Brief descriptive captions
^^^^^^^^

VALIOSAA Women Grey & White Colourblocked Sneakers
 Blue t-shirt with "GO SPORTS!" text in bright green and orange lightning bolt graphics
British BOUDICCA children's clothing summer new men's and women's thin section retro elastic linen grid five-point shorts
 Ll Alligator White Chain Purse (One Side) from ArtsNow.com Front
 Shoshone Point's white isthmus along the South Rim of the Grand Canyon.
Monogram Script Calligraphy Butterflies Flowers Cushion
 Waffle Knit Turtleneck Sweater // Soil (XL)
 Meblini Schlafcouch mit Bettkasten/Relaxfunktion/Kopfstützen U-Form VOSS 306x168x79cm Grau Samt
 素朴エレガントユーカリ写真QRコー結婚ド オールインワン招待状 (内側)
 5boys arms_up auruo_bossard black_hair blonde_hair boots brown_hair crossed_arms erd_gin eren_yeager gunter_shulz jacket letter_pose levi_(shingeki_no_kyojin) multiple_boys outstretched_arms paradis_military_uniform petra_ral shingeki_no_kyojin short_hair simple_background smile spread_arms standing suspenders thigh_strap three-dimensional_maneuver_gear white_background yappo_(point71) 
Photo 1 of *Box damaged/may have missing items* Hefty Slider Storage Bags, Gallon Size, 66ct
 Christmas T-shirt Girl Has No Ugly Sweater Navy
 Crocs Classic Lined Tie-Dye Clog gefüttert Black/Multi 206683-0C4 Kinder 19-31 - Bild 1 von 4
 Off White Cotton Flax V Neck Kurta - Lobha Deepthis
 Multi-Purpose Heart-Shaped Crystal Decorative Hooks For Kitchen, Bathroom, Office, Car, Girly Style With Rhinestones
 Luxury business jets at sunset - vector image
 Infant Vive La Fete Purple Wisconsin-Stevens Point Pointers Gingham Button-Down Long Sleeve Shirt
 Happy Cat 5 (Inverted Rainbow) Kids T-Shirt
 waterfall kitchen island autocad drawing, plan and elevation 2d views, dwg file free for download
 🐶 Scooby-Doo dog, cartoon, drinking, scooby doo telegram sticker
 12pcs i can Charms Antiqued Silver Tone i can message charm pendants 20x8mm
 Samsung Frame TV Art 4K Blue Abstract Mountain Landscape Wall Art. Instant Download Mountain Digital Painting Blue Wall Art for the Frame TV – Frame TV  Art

^^^^^^^^

WHAT IS NEEDED:
Repeat the entries word for word. Skip none of them.

RESULT:
VALIOSAA Women Grey & White Colourblocked Sneakers
 Blue t-shirt with "GO SPORTS!" text in bright green and orange lightning bolt graphics
British BOUDICCA children's clothing summer new men's and women's thin section retro elastic linen grid five-point shorts
 Ll Alligator White Chain Purse (One Side) from ArtsNow.com Front
 Shoshone Point's white isthmus along the South Rim of the Grand Canyon.
Monogram Script Calligraphy Butterflies Flowers Cushion
 Waffle Knit Turtleneck Sweater // Soil (XL)
 Meblini Schlafcouch mit Bettkasten/Relaxfunktion/Kopfstützen U-Form VOSS 306x168x79cm Grau Samt
 素朴エレガントユーカリ写真QRコー結婚ド オールインワン招待状 (内側)
 5boys arms_up auruo_bossard black_hair blonde_hair boots brown_hair crossed_arms erd_gin eren_yeager gunter_shulz jacket letter_pose levi_(shingeki_no_kyojin) multiple_boys outstretched_arms paradis_military_uniform petra_ral shingeki_no_kyojin short_hair simple_background smile spread_arms standing suspenders thigh_strap three-dimensional_maneuver_gear white_background yappo_(point71) 
Photo 1 of *Box damaged/may have missing items* Hefty Slider Storage Bags, Gallon Size, 66ct
 Christmas T-shirt Girl Has No Ugly Sweater Navy
 Crocs Classic Lined Tie-Dye Clog gefüttert Black/Multi 206683-0C4 Kinder 19-31 - Bild 1 von 4
 Off White Cotton Flax V Neck Kurta - Lobha Deepthis
 Multi-Purpose Heart-Shaped Crystal Decorative Hooks For Kitchen, Bathroom, Office, Car, Girly Style With Rhinestones
 Luxury business jets at sunset - vector image
 Infant Vive La Fete Purple Wisconsin-Stevens Point Pointers Gingham Button-Down Long Sleeve Shirt
 Happy Cat 5 (Inverted Rainbow) Kids T-Shirt
 waterfall kitchen island autocad drawing, plan and elevation 2d views, dwg file free for download
 🐶 Scooby-Doo dog, cartoon, drinking, scooby doo telegram sticker
 12pcs i can Charms Antiqued Silver Tone i can message charm pendants 20x8mm
 Samsung Frame TV Art 4K Blue Abstract Mountain Landscape Wall Art. Instant Download Mountain Digital Painting Blue Wall Art for the Frame TV – Frame TV  Art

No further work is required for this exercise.